■ **TASK DETAILS**:
Copy the listing below line for line, from its opening line to the one with "Pep onyx gold filled semi precious pendant", both included; stop there.

** Opening INFORMATION SUPPLIED block **

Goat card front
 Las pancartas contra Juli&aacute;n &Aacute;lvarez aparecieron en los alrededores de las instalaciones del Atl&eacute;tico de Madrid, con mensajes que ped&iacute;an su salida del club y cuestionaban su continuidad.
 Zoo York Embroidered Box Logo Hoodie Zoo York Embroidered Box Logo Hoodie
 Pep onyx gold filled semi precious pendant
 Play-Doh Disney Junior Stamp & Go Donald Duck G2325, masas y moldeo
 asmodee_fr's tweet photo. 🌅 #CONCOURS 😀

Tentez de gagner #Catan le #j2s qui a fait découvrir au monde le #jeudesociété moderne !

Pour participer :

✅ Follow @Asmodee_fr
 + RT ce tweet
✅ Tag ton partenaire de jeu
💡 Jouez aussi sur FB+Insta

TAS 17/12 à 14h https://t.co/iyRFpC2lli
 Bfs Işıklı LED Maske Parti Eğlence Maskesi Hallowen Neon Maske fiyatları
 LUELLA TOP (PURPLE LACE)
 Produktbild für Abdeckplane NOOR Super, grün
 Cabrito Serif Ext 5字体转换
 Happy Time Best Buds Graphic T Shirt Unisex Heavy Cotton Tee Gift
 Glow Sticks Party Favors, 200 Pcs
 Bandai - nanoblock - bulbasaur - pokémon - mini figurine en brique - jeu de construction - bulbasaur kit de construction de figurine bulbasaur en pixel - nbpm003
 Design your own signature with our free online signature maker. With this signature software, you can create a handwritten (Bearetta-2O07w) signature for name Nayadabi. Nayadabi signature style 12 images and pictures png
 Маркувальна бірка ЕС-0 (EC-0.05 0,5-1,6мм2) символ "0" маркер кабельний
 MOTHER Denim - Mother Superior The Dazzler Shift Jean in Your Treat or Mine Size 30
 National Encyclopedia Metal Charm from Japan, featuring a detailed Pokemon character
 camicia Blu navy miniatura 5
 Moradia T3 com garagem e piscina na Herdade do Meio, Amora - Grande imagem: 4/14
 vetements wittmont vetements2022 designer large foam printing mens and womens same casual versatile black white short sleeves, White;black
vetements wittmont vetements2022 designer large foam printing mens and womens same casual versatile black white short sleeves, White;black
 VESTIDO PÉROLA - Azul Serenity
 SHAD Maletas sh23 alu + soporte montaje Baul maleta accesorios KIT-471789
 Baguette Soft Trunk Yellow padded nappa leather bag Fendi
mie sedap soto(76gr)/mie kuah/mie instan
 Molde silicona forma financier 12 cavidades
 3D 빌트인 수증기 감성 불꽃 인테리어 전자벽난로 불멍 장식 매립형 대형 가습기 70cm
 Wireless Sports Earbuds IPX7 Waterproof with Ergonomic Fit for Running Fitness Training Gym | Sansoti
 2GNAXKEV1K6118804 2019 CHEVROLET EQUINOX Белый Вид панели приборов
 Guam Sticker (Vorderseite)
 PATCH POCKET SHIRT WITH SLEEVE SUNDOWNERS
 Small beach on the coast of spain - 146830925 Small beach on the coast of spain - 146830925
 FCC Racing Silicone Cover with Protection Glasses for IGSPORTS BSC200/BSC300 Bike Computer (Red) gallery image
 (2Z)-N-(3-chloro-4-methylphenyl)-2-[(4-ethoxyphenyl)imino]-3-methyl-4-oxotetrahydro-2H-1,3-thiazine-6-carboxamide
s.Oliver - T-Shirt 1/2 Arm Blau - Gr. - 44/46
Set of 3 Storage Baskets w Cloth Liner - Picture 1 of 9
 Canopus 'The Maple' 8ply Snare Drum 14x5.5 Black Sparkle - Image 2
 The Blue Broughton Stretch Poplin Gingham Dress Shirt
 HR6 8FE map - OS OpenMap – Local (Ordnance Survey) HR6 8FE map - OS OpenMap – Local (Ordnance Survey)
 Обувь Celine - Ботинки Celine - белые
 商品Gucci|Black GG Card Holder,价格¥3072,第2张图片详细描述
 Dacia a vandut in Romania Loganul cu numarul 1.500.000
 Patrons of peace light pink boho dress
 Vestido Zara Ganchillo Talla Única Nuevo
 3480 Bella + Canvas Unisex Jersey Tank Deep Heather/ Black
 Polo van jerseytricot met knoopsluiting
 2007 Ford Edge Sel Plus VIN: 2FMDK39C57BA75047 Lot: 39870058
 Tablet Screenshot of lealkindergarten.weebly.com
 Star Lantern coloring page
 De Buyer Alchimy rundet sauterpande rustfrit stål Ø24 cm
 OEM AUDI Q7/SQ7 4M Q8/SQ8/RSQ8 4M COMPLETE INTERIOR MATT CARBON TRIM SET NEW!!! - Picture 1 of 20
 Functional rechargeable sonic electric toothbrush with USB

** Closing INFORMATION SUPPLIED block **

■ **SOLUTION TO THIS EXERCISE**:
Goat card front
 Las pancartas contra Juli&aacute;n &Aacute;lvarez aparecieron en los alrededores de las instalaciones del Atl&eacute;tico de Madrid, con mensajes que ped&iacute;an su salida del club y cuestionaban su continuidad.
 Zoo York Embroidered Box Logo Hoodie Zoo York Embroidered Box Logo Hoodie
 Pep onyx gold filled semi precious pendant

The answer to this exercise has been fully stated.